He nodded at the album on the floor, then waited while we found the pictures. One, taken at night in some indistinct wilderness, was striped by a jet of vertical flame, a massive but distant release of white-hot energy that lit the night like a skyscraper-sized Roman candle. The other was a ruined village made up of rubble and cracked houses and trees raked clean of bark. Just looking at it, I could almost hear a lonely wind blowing; the palpable silence of a place robbed suddenly of life.
Bentham shook his head. “Never in my wildest dreams did I imagine what would crawl out of that collapsed loop,” he said. “For a brief time afterward, things were quiet. Released from confinement, I began to recover. I regained control of my machine. It seemed my brother’s dark age had drawn to a close—but it was only beginning.”
“That was the start of the Hollow Wars,” Emma said.
“Soon we began to hear stories about creatures made of shadow. They were emerging from the ruined forests to feed on peculiars—and normals, and animals, and anything that would fit between their jaws.”

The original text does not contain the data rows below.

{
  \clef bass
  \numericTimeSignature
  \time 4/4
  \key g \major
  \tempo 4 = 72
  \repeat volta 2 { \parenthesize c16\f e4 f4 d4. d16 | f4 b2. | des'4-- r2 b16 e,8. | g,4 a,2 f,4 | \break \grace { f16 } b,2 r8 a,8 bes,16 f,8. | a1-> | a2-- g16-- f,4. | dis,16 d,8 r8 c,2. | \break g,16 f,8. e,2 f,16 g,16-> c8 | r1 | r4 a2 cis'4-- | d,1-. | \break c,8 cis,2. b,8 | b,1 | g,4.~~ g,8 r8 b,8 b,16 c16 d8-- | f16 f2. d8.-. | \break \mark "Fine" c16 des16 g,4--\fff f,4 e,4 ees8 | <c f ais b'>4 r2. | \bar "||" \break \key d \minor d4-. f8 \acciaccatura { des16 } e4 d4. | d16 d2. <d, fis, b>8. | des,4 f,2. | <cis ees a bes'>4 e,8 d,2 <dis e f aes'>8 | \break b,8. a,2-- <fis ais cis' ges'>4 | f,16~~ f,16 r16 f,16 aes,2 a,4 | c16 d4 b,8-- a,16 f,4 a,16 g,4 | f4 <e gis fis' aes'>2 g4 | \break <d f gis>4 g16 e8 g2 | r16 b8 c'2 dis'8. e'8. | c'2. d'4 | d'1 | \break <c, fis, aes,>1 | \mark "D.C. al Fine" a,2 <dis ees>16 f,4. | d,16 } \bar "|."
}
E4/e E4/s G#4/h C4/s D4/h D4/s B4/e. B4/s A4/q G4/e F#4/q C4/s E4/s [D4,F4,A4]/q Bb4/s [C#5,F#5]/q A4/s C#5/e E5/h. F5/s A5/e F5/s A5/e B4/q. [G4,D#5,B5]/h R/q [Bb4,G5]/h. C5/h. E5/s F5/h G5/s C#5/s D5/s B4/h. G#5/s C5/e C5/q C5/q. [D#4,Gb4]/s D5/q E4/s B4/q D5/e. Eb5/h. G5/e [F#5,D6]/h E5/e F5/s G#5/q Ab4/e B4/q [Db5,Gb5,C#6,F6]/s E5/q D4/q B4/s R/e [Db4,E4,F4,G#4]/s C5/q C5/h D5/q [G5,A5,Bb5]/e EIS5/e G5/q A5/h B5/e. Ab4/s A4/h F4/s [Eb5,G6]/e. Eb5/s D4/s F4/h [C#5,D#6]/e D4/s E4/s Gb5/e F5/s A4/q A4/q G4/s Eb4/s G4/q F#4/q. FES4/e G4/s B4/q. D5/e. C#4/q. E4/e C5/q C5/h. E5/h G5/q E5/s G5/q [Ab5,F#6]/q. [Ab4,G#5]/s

“Once I saw one eat a car,” Nim said.
I said, “A car?”
“I was inside it,” he replied.
We waited for him to elaborate.
“And?” said Emma.
“I got away,” he said, shrugging. “The steering column got stuck in its throat.”
“May I continue?” said Bentham.
“Of course, sir. My apologies.”
“As I was saying, there wasn’t much that would stop these new abominations, save the odd steering column—and loop entrances. Luckily, we had plenty of those. So most of us dealt with the hollowgast problem by staying put in our loops, venturing out only when we had no choice. The hollows didn’t end our lives, but they made them vastly more difficult, isolated, and dangerous.”
“What about the wights?” I asked.
“I imagine he’s coming to that,” said Emma.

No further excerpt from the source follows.